Question

Let the mean and variance of 12 observations be \( \frac{9}{2} \) and 4, respectively. Later on, it was observed that two observations were considered as 9 and 10 instead of 7 and 14 respectively. If the correct variance is \( \frac{m}{n} \), where \( m \) and \( n \) are coprime, then \( m + n \) is equal to:

• A. 314
• B. 315
• C. 316
• D. 317

Hint:

For corrections in statistics, update both the sum and the sum of squares carefully, and recompute the variance using the corrected values.

Answer 1

The Correct Option is D

The mean of the 12 observations is given as:

\[ \frac{\Sigma x}{12} = \frac{9}{2} \implies \Sigma x = 54. \]
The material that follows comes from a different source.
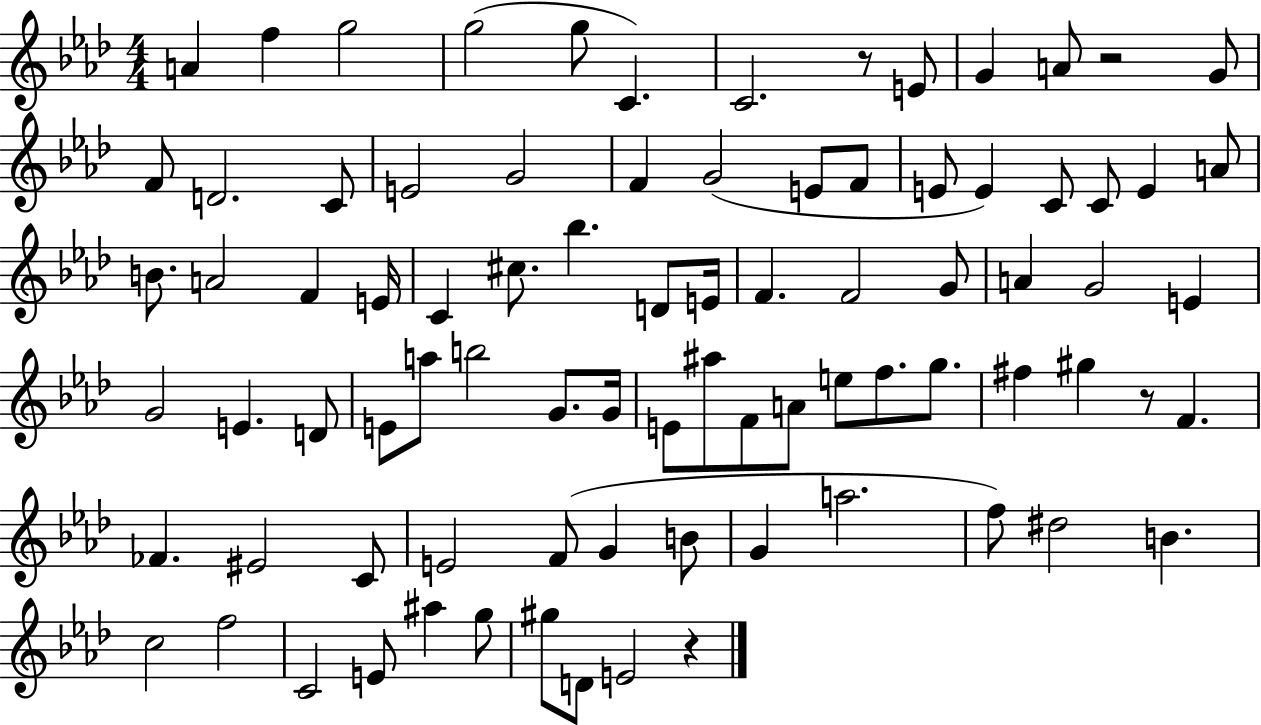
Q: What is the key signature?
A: AES major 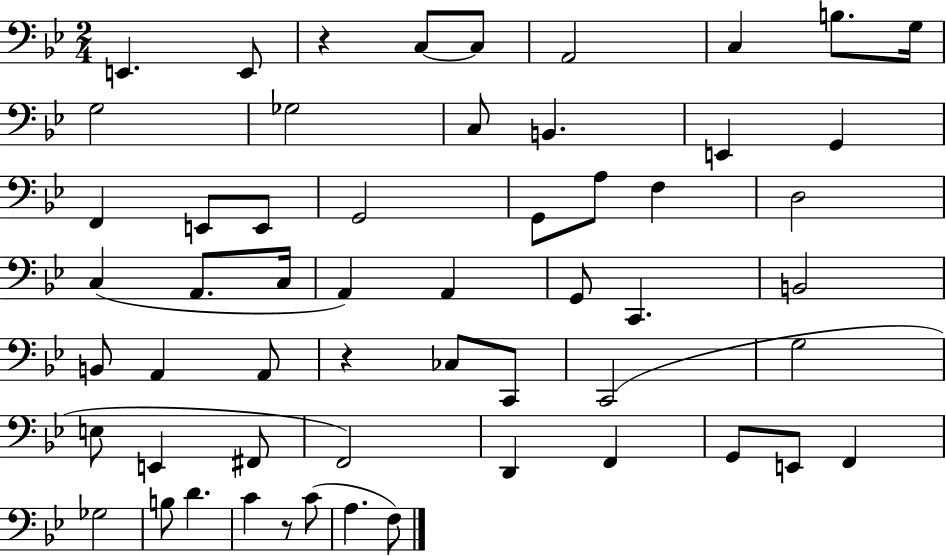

The variance of the 12 observations is given as:

\[ \frac{\Sigma x^2}{12} - \left(\frac{\Sigma x}{12}\right)^2 = 4. \]

Substitute \( \Sigma x = 54 \):

\[ \frac{\Sigma x^2}{12} - \left(\frac{9}{2}\right)^2 = 4 \implies \frac{\Sigma x^2}{12} - \frac{81}{4} = 4. \]

Simplify:

\[ \Sigma x^2 = 12 \left(4 + \frac{81}{4}\right) = 12 \cdot \frac{97}{4} = 291. \]

After correction, the observations 9 and 10 are replaced with 7 and 14.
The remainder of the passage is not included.